Comment by roysting

2 days ago

That seems to me like a really worthwhile effort, especially for the continental Europeans if they want to keep the EU alive, even if it needs major, structural reform that I am not confident it can implement without total deconstruction first. If the EU wants to survive it simply cannot allow English to dominate it, nor is even French ideal, making Dutch the official language is of course silly for obvious reasons (regardless of my affinity for it), contemporary German seems to be self-deleting in many different way for many different reasons, and nonsense like Esperanto speaks for itself. But a kind of merging or integration of the German languages of central Europe would be an ideal candidate to bring about European unity in a sustainable and healthy manner... a meeting in the middle, maybe a restoration of old high German even that is the common node.

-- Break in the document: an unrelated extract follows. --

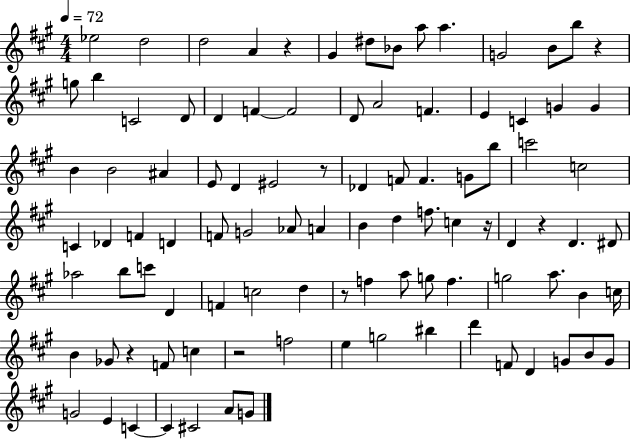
Eb5/h D5/h D5/h A4/q R/q G#4/q D#5/e Bb4/e A5/e A5/q. G4/h B4/e B5/e R/q G5/e B5/q C4/h D4/e D4/q F4/q F4/h D4/e A4/h F4/q. E4/q C4/q G4/q G4/q B4/q B4/h A#4/q E4/e D4/q EIS4/h R/e Db4/q F4/e F4/q. G4/e B5/e C6/h C5/h C4/q Db4/q F4/q D4/q F4/e G4/h Ab4/e A4/q B4/q D5/q F5/e. C5/q R/s D4/q R/q D4/q. D#4/e Ab5/h B5/e C6/e D4/q F4/q C5/h D5/q R/e F5/q A5/e G5/e F5/q. G5/h A5/e. B4/q C5/s B4/q Gb4/e R/q F4/e C5/q R/h F5/h E5/q G5/h BIS5/q D6/q F4/e D4/q G4/e B4/e G4/e G4/h E4/q C4/q C4/q C#4/h A4/e G4/e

I am generally even just sad writing this because even my proposal invariably means the total destruction of many languages, traditions, cultures, and true and healthy diversity that has defined Europe over all of recorded history; but at least if this effort of trying to mash Europe into a kind of neo-communist of uniform sludge, at least try to create something new and beautiful out of it, not some disgusting brown mush where the non-english EU speaks English, while by the end of the century the majority of people will not even be indigenous Europeans anymore.

It is sad realizing that what we are all currently witness to is a cataclysmic collapse and destruction of civilization in Europe on an order that humanity has not witness since the civilizational collapse of the Americas or even the Bronze Age collapse and minor cultural collapses and ethnocides that were perpetrated through the French proto-communist Revolution, the Russian communist revolution and the Chinese communist revolutions. It is astonishing knowing that I am living through a historical event that may even never be recorded, let alone well, because the likelihood that it will be recorded at all, let alone accurately is very low.

If a common German language could be created, along with maybe a common Romance language for Hispania and Italy, etc. at least there would be a kind of remaining legacy akin to how the Egyptian icons are enigmatic, even if their culture did not survive.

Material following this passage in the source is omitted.